Memphis 55, Kansas 23

This week I predicted K.U. would be blown out, and sadly, we all saw it coming. It will happen every week. Memphis beat Kansas at its own uptempo game, moving quickly with ease, finding little resistance, and letting Kansas self-destruct. Memphis ended with 654 yards of offense.

It's difficult to find futility records for college football, but the Kansas defense will certainly challenge for the most yards and points surrendered over the course of the season. The Jayhawks will give up more than 500 yards and more than 50 points almost every week, which would put them around 6,000-6,500 yards and 600-650 points.
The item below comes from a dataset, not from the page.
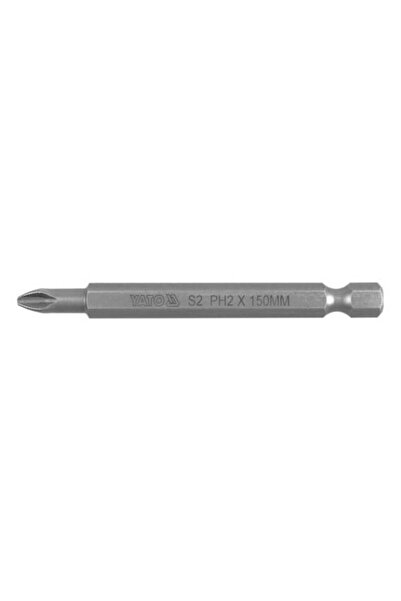 yato BIT 1/4" PH2 x 150mm HRC 58-62 S2 0486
I would be surprised if that's not record territory.

On a team with few legitimate Division I football players, Ke'Aun Kinner continues to impress. He's grinding for yards and showing nice open-field moves, even without a quarterback that can complete a pass on a regular basis.
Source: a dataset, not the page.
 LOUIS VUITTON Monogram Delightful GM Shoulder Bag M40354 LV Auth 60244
Even after just two games, the major problem is not whether Kansas can be competitive. They can't. The big question is whether the players can stay interested. Kansas has struggled with attrition, both forced and unforced. No one wants to work hard in practice and get kicked in the head repeatedly on game day. How does Beaty keep kids interested? Building a program requires players to, you know, stay in the program. Charlie Weis famously kicked 29 players off the team in his first year. Almost all of his junior college transfers flamed out in one way or another. Two seniors transferred before the 2015 season, simply tired of losing. Again, how does Beaty keep kids interested in playing football, staying with the program year after year and developing? If Beaty can't do that, then his tenure will be over before it ever began.